I recently tasted my way through a couple of hundred samples from Dan Murphy’s, mostly imported reds and whites, and I was amazed at the quality of many of their exclusive cheapies.
These wines focused on the under-$50 area; most were under $20. The value-for-money was impressive, and must be seriously scary for Australian winemakers trying to compete in those price categories. When you add in what Coles and Aldi are bringing in, you start to see the intensity of competition the bigger Australian companies are experiencing for the consumer’s dollar.
The origin of most wines was France, Italy and Spain, but also Chile, Germany and the US. For a sample, just try (in reds) the Zonin (tastings) and Illuminati (tastings) ranges from Italy, Montes Alpha (tastings) from Chile, the Borsao (tastings) wines from Spain, the Chapoutier (tastings) range from the Rhone Valley, even the ultra-cheapie J.P. Chenet (tastings) French varietals provide good quality for just a few bucks. And Christian Moueix’s $15 Bordeaux merlot (tasting) must be tasted to be believed.

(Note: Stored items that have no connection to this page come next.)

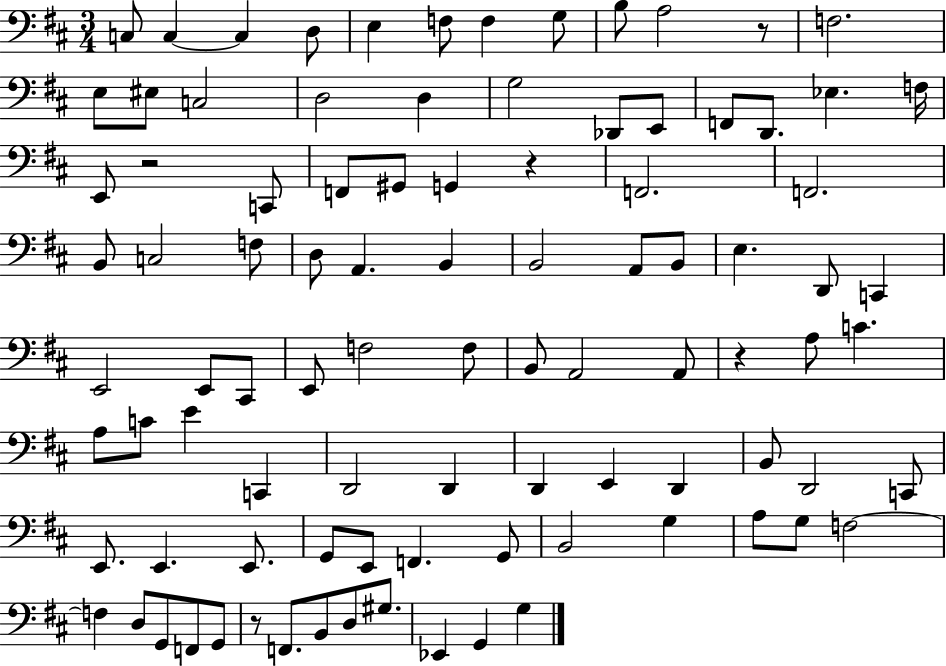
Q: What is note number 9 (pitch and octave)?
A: B3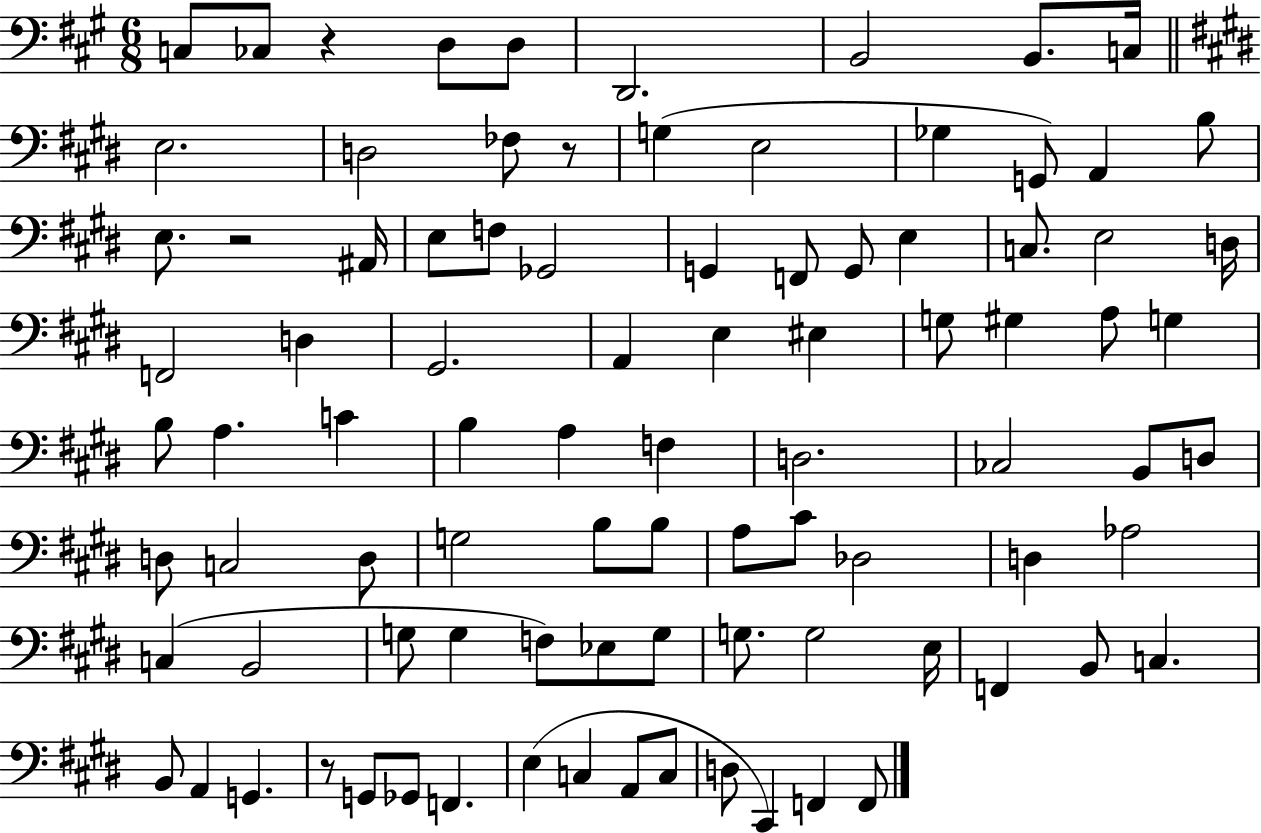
X:1
T:Untitled
M:6/8
L:1/4
K:A
C,/2 _C,/2 z D,/2 D,/2 D,,2 B,,2 B,,/2 C,/4 E,2 D,2 _F,/2 z/2 G, E,2 _G, G,,/2 A,, B,/2 E,/2 z2 ^A,,/4 E,/2 F,/2 _G,,2 G,, F,,/2 G,,/2 E, C,/2 E,2 D,/4 F,,2 D, ^G,,2 A,, E, ^E, G,/2 ^G, A,/2 G, B,/2 A, C B, A, F, D,2 _C,2 B,,/2 D,/2 D,/2 C,2 D,/2 G,2 B,/2 B,/2 A,/2 ^C/2 _D,2 D, _A,2 C, B,,2 G,/2 G, F,/2 _E,/2 G,/2 G,/2 G,2 E,/4 F,, B,,/2 C, B,,/2 A,, G,, z/2 G,,/2 _G,,/2 F,, E, C, A,,/2 C,/2 D,/2 ^C,, F,, F,,/2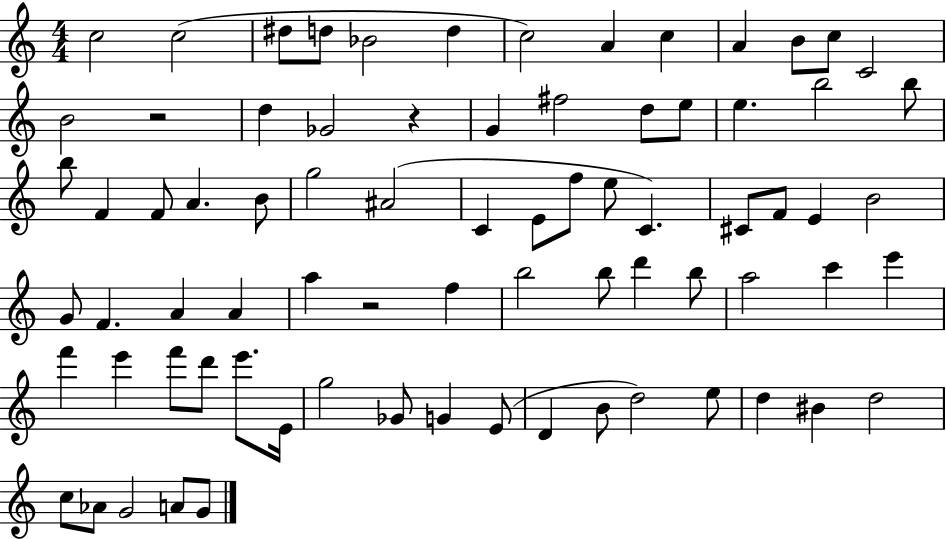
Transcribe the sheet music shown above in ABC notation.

X:1
T:Untitled
M:4/4
L:1/4
K:C
c2 c2 ^d/2 d/2 _B2 d c2 A c A B/2 c/2 C2 B2 z2 d _G2 z G ^f2 d/2 e/2 e b2 b/2 b/2 F F/2 A B/2 g2 ^A2 C E/2 f/2 e/2 C ^C/2 F/2 E B2 G/2 F A A a z2 f b2 b/2 d' b/2 a2 c' e' f' e' f'/2 d'/2 e'/2 E/4 g2 _G/2 G E/2 D B/2 d2 e/2 d ^B d2 c/2 _A/2 G2 A/2 G/2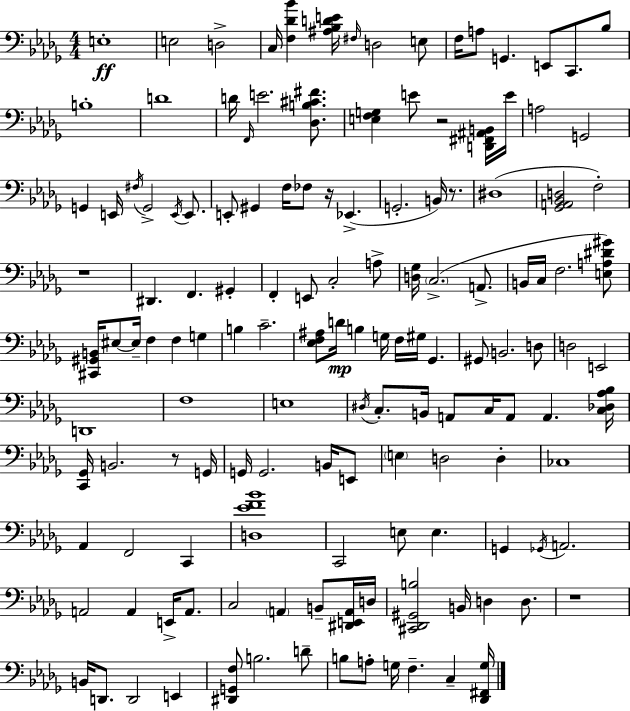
X:1
T:Untitled
M:4/4
L:1/4
K:Bbm
E,4 E,2 D,2 C,/4 [F,_D_B] [^A,_B,DE]/4 ^F,/4 D,2 E,/2 F,/4 A,/2 G,, E,,/2 C,,/2 _B,/2 B,4 D4 D/4 F,,/4 E2 [_D,B,^C^F]/2 [E,F,G,] E/2 z2 [D,,^F,,^A,,B,,]/4 E/4 A,2 G,,2 G,, E,,/4 ^F,/4 G,,2 E,,/4 E,,/2 E,,/2 ^G,, F,/4 _F,/2 z/4 _E,, G,,2 B,,/4 z/2 ^D,4 [_G,,A,,_B,,D,]2 F,2 z4 ^D,, F,, ^G,, F,, E,,/2 C,2 A,/2 [D,_G,]/4 C,2 A,,/2 B,,/4 C,/4 F,2 [E,A,^D^G]/2 [^C,,^G,,B,,]/4 ^E,/2 ^E,/4 F, F, G, B, C2 [_E,F,^A,]/2 D/4 B, G,/4 F,/4 ^G,/4 _G,, ^G,,/2 B,,2 D,/2 D,2 E,,2 D,,4 F,4 E,4 ^D,/4 C,/2 B,,/4 A,,/2 C,/4 A,,/2 A,, [C,_D,_A,_B,]/4 [C,,_G,,]/4 B,,2 z/2 G,,/4 G,,/4 G,,2 B,,/4 E,,/2 E, D,2 D, _C,4 _A,, F,,2 C,, [D,_EF_B]4 C,,2 E,/2 E, G,, _G,,/4 A,,2 A,,2 A,, E,,/4 A,,/2 C,2 A,, B,,/2 [^D,,E,,A,,]/4 D,/4 [^C,,_D,,^G,,B,]2 B,,/4 D, D,/2 z4 B,,/4 D,,/2 D,,2 E,, [^D,,G,,F,]/2 B,2 D/2 B,/2 A,/2 G,/4 F, C, [_D,,^F,,G,]/4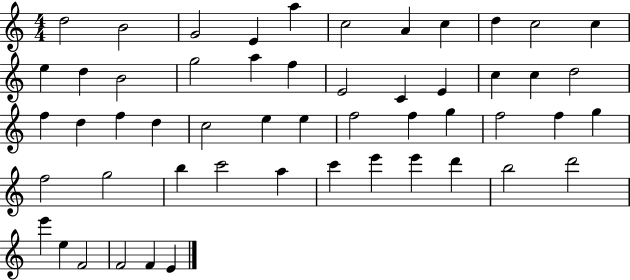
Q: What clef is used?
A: treble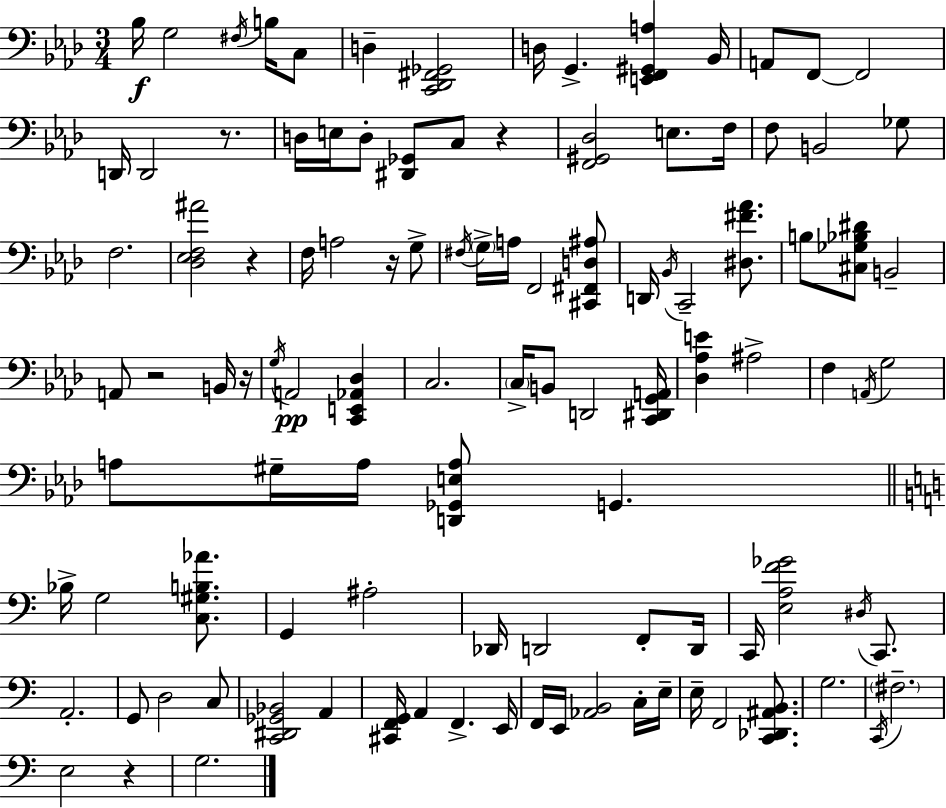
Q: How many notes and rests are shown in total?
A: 107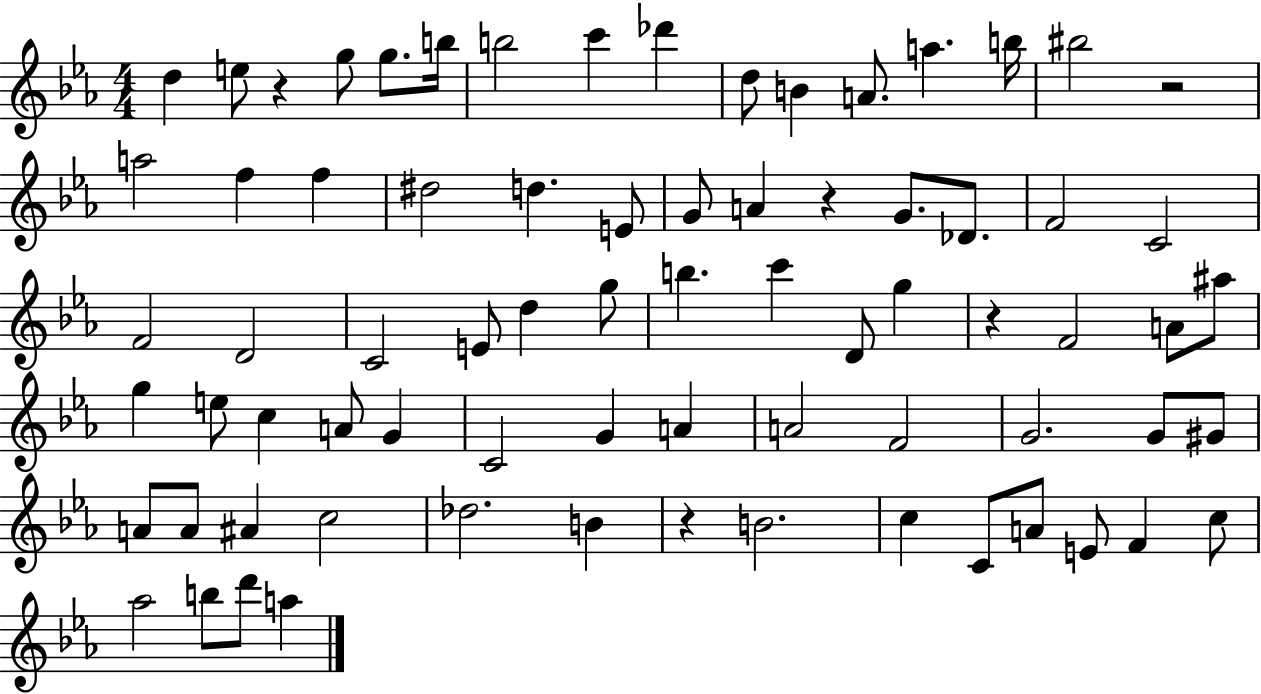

In whites, Borsao and Riscal (tastings) from Spain, the cheaper Louis Latour white Burgundies from Saint Veran (tasting) and Macon (tasting), the amazing Simonnet-Febvre Chablis range (tastings), Pierre Brevin (tastings) from the Loire Valley, and the Arrogant Frog (tastings) line-up and its associated Jean-Paul Mas (tastings) southern French wines. The perennial Dopff au Moulin Alsace whites (tastings) and Schloss Vollrads (tastings) lower-priced German whites also stand out. I commend them all to you.